This information update is brought to you by The Department of Electrical and Computer Engineering at The University of Texas at El Paso.

 
UTEP's first million-transistor chip

Researchers at the University of Texas at El Paso in collaboration with a local engineering company (XL-Synergy, LLC) have created a one million transistor chip the size of a pencil eraser.

The chip mathematically detects problems in the power of household appliances in order to improve safety and prevent fault-induced fires.

XL-Synergy provided the computationally-intensive algorithm and the team at UTEP - which included a professor and 6 graduate students - designed and implemented the chip to perform the algorithm in real time.

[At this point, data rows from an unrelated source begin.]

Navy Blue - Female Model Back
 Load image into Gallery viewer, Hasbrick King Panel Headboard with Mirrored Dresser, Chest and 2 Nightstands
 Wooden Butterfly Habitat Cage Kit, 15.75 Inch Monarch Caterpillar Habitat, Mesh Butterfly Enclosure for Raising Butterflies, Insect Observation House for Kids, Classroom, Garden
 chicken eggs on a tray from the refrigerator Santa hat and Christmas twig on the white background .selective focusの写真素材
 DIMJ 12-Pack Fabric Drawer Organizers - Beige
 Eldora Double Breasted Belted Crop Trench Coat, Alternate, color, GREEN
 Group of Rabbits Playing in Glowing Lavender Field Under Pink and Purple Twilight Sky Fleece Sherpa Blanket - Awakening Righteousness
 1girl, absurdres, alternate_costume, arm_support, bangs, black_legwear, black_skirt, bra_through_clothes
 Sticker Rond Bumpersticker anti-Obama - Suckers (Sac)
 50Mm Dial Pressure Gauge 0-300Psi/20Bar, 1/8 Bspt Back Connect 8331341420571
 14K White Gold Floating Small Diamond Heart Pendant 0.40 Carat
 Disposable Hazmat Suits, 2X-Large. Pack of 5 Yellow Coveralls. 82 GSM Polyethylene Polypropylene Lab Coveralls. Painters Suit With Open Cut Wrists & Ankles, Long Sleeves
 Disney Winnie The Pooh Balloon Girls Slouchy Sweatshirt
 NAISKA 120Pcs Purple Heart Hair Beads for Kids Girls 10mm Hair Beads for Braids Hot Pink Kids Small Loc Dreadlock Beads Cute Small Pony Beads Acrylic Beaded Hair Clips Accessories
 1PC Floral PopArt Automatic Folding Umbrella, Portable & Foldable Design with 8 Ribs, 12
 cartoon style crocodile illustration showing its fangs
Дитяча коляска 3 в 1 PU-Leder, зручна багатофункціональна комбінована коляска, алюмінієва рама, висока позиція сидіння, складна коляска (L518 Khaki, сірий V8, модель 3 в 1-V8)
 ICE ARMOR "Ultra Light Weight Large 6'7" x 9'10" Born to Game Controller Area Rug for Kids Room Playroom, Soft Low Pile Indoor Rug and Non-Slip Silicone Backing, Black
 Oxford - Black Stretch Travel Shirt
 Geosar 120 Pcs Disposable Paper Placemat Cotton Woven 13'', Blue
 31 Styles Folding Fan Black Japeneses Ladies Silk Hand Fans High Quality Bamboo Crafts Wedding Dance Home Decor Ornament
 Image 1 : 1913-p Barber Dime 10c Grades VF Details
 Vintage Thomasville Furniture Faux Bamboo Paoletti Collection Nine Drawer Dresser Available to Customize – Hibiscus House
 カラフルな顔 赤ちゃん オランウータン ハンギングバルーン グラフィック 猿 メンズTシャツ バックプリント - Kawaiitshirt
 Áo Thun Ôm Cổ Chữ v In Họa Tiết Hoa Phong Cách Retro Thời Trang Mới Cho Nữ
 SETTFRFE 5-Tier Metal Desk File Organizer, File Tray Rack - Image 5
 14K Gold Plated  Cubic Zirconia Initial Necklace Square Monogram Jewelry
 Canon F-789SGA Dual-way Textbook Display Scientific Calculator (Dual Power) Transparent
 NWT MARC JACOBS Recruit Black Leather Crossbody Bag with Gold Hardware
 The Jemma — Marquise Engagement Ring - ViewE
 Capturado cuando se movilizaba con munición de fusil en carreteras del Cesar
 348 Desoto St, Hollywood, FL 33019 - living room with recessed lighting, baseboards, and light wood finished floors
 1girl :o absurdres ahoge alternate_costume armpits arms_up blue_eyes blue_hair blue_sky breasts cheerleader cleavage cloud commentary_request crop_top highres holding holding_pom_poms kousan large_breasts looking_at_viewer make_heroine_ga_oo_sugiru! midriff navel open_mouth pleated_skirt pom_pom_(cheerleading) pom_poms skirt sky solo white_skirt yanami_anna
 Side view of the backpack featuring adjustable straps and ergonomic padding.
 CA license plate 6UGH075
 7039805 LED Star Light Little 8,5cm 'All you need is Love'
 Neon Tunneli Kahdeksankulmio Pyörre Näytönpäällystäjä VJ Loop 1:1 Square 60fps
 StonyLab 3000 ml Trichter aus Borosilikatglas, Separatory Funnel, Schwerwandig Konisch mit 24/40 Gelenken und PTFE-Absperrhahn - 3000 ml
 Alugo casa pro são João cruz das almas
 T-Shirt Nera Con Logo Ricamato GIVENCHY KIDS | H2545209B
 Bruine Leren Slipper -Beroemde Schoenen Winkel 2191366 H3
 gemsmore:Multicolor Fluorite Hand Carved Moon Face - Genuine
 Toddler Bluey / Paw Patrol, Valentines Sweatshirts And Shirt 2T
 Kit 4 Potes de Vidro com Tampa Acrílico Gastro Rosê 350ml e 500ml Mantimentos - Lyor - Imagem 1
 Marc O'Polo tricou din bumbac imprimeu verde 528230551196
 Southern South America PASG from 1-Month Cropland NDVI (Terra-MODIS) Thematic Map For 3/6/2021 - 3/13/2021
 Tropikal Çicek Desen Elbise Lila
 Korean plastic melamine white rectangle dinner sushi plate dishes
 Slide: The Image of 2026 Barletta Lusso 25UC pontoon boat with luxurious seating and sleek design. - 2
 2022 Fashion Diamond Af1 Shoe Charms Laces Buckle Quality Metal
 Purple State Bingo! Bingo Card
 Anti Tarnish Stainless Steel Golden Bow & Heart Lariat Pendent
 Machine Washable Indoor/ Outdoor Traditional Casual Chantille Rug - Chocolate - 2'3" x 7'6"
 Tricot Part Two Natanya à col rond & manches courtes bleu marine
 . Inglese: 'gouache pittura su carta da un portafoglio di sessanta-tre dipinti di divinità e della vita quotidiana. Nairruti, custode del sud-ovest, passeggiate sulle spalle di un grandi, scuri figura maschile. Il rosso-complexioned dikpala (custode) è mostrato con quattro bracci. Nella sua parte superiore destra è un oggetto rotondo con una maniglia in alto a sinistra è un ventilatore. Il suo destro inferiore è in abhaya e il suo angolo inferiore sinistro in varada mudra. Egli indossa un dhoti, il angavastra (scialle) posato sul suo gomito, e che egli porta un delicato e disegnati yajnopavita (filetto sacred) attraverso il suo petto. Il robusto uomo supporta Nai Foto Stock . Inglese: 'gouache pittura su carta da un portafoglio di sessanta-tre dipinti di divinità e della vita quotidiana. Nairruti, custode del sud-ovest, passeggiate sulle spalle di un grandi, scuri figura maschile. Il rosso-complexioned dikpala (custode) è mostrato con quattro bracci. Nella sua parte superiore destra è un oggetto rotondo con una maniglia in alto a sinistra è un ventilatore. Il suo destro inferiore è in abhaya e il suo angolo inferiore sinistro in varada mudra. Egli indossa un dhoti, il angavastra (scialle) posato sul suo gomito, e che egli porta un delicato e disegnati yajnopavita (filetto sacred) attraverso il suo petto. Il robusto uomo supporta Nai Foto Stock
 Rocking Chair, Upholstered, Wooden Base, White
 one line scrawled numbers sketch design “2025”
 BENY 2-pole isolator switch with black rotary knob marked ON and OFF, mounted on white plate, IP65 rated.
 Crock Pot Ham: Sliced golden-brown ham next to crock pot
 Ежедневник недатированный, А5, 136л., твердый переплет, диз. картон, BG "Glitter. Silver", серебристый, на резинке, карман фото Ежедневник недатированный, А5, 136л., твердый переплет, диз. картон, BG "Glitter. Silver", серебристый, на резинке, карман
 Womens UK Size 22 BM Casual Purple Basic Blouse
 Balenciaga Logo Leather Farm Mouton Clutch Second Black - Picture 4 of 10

The chip provided a platform for the team at UTEP to investigate new design techniques to improve the energy efficiency of computer chips. Furthermore, the project allowed the graduate students to get a taste of real industrial-strength chip design - similar to what they will experience at companies like Intel or IBM.

"The design of this chip demonstrates the high caliber of our engineering program and what UTEP is capable of ", said Ernie Martinez, a graduate student whose role was implementing the chip.

The chip was fabricated in Taiwan using 0.25 micron CMOS technology and contained over a million transistors - each of which is 200 times thinner than a human hair.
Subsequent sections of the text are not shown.